For three years, I worked on night duty. I used to speak with whānau and explain to them: ‘Because we are a small unit, you can only have two people here at a time. But how you organise that is up to you.’ So, they would quietly come and go.

Colleagues kept saying to me: ‘You don’t need to practice like this’. I would thank them for their recommendations, but let them know that I preferred to practice the way I wanted to practice – the way that I thought people deserved to be treated.

Why is New Zealand so badly affected by family violence?

For generations, we’ve had this societal acceptance of family violence. If you look at Māori, it’s important to remember that violence was not a feature of the traditional whānau or hapū. Women were important members of Māori society as the bearers of future generations. Men were equally important in protecting and caring for women and children.

In terms of whakapapa (genealogies), having healthy women and children was essential. Māori society was structured around values like whānaungatanga (a sense of family and belonging), manaakitanga (respect and care for one another) and aroha (love and compassion).

There was a collective obligation that featured strongly in traditional Māori culture. Settlers in New Zealand documented that Māori looked after whānau – they didn’t beat their wives or children.

Colonisation and the legislation that came with it began to break down the foundations of whānau and hapū. Things like urbanisation, where Māori were removed from their tūrangawaewae (place of residence or belonging) and relocated to urban areas as part of a pepper-potting strategy, eroded their support structures.

Victorian social norms were introduced, whereby men had ownership of women and children. There was a push to make Māori more like European settlers, so those protective factors embedded in traditional cultural values and cultural identity were gradually destroyed. It was a way of controlling Māori – a form of state control.

How has this cultural shift contributed to family violence?

All of these things combined have led us to the current situation. The care of whānau, which once occurred in a very public, communal space, moved behind closed doors. This became the private domain of men, where women and children were treated as chattels. It reinforced the attitude that ‘what goes on behind closed doors, stays behind closed doors’. Hence, the reticence among many people to intervene in domestic disputes.

To counteract the normalisation of violence, we need to encourage people to care for women and children, and engage with them in positive ways.

How significant is poverty in relation to disproportionate rates of family violence among Māori?

The significance is huge. The fifth data report from the Family Violence Death Review Committee shows that most violence within whānau occurs among those living in the most deprived areas of the country, where Māori are overrepresented.

I know a woman with four children who came out of a violent relationship with nothing – no money, no car, no home. It was weeks before she received a benefit. And, it was weeks after that before she could get a meeting at Housing New Zealand, only to be told by the person who should have been helping her: ‘It was your choice to leave’.
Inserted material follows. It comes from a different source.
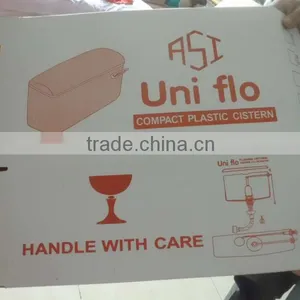 9 L Water PP Toilet Tank With Hand Lever thumbnail-3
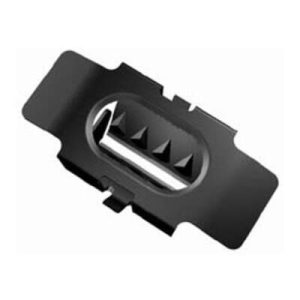 DZUS® Receptacle, Spring steel, Zinc phosphate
We know from our work on the Family Violence Death Review Committee that Māori seeking support are often met with unhelpful responses and racism.

Why is victim-blaming so dangerous?

People have to understand that when victims of violence ask for help, they have already exhausted any resources or strategies for keeping themselves and their children safe. When they ask for help, their lives are at risk. Women are most at risk of homicide when they are leaving an abusive partner or just after they leave. Separation doesn’t make you safe.

When people put their hand up for help, they need support – not unhelpful responses where they are blamed for the violence inflicted on them.

Family violence is not just ‘a domestic’ – people are seriously harmed or die as a result. This is a potentially lethal problem. Women and children are most likely to be the victims, and that harm is cumulative – we now know that it causes a lifetime of health problems.

We need to rethink the way we view and respond to family violence, and those affected. Generally, it’s a control issue, where one person is trying to control another. This involves a range of strategies designed to manipulate and entrap. Threats are made against women, their children and those closest to them, which creates a situation where the victim finds it difficult to ask for help.

I recently interviewed a woman who said: ‘They just don’t get it. They tell you to leave, but you can’t. If I leave, I’ve got no money. If I leave, I’ve got no house. If I leave, my children will be worse off. But, if I stay, they have a house and a bed, and they’ll be safe and warm’.

Is it an example of victim-blaming to ask the question: ‘Why don’t you just leave?’

Yes. It’s also an example of mother-blaming. The focus is on women and the perception that it’s their responsibility to keep themselves safe, protect their children and solve the problem of violence in their lives. What that does is shift the attention away from the person who is doing the violence and they are not held to account. More importantly, they are not getting any help to stop their violence. That’s what we need to focus on – helping men to stop using violence.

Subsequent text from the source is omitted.